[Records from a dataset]
'''

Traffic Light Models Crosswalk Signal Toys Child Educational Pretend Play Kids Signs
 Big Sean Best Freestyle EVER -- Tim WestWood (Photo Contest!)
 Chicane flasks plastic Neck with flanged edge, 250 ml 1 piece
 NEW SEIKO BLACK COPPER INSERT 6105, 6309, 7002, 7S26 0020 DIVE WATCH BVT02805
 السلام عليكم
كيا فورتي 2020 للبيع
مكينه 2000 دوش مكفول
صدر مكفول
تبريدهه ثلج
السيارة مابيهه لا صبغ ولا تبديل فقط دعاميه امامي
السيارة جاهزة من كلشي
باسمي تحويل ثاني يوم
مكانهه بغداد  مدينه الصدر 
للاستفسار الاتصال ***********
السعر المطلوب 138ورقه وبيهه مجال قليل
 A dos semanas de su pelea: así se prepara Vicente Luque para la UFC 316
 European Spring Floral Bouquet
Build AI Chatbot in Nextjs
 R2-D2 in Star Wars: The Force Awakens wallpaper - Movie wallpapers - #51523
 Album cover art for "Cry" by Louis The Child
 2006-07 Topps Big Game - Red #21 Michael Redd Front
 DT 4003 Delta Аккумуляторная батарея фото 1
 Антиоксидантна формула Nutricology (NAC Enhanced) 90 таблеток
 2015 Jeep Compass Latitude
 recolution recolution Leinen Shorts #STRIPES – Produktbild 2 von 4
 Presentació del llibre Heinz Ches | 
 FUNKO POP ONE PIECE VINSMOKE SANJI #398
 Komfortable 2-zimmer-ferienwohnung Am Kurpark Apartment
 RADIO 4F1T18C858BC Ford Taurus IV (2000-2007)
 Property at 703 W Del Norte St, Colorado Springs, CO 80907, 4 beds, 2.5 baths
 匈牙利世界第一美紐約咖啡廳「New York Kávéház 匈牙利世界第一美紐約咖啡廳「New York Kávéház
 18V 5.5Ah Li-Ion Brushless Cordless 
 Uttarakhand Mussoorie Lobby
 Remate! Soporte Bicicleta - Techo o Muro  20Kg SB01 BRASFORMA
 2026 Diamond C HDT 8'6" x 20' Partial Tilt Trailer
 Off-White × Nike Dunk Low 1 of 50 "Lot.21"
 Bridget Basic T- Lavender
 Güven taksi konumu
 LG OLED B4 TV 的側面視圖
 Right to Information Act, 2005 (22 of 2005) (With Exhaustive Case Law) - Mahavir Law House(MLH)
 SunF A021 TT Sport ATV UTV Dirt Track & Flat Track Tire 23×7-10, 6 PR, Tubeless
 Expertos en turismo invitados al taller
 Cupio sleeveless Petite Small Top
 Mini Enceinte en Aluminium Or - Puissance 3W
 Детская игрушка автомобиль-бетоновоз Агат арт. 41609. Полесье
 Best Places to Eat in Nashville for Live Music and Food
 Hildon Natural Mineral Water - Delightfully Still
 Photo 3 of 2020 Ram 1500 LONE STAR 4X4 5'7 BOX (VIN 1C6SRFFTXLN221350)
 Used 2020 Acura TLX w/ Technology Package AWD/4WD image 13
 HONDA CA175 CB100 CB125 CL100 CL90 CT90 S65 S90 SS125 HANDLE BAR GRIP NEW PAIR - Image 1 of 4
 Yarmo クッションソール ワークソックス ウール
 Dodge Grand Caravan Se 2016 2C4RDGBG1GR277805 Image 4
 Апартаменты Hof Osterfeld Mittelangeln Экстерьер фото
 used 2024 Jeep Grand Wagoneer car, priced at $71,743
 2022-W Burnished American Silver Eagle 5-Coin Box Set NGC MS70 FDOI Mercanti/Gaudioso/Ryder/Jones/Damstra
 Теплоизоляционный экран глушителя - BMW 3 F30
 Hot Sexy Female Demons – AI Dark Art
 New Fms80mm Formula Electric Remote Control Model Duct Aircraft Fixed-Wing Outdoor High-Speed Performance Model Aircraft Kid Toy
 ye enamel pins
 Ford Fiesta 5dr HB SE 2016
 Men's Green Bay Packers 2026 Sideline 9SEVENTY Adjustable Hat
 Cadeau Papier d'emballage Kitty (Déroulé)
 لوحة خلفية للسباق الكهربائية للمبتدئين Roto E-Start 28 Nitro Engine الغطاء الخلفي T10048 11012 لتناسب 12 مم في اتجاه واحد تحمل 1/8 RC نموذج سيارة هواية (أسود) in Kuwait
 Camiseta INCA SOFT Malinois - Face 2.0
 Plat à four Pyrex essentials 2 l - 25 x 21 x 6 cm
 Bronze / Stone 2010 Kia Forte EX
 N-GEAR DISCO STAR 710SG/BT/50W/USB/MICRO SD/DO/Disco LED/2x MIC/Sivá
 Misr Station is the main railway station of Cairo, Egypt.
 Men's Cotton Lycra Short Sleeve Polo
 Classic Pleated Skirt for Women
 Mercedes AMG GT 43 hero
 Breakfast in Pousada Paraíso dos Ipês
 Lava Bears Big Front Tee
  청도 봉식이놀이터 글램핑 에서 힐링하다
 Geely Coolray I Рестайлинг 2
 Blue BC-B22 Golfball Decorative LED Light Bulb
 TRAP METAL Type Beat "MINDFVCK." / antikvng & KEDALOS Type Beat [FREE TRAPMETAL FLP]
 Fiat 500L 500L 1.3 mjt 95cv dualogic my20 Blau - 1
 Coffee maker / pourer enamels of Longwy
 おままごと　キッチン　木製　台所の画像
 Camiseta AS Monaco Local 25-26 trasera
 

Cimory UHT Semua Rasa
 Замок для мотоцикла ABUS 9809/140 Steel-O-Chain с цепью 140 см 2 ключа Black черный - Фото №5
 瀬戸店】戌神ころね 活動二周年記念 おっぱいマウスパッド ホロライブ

'''

## WHAT IS EXPECTED
Scan the records above and report every line with the string "Grand".

## THE COMPLETED TASK
 Dodge Grand Caravan Se 2016 2C4RDGBG1GR277805 Image 4
 used 2024 Jeep Grand Wagoneer car, priced at $71,743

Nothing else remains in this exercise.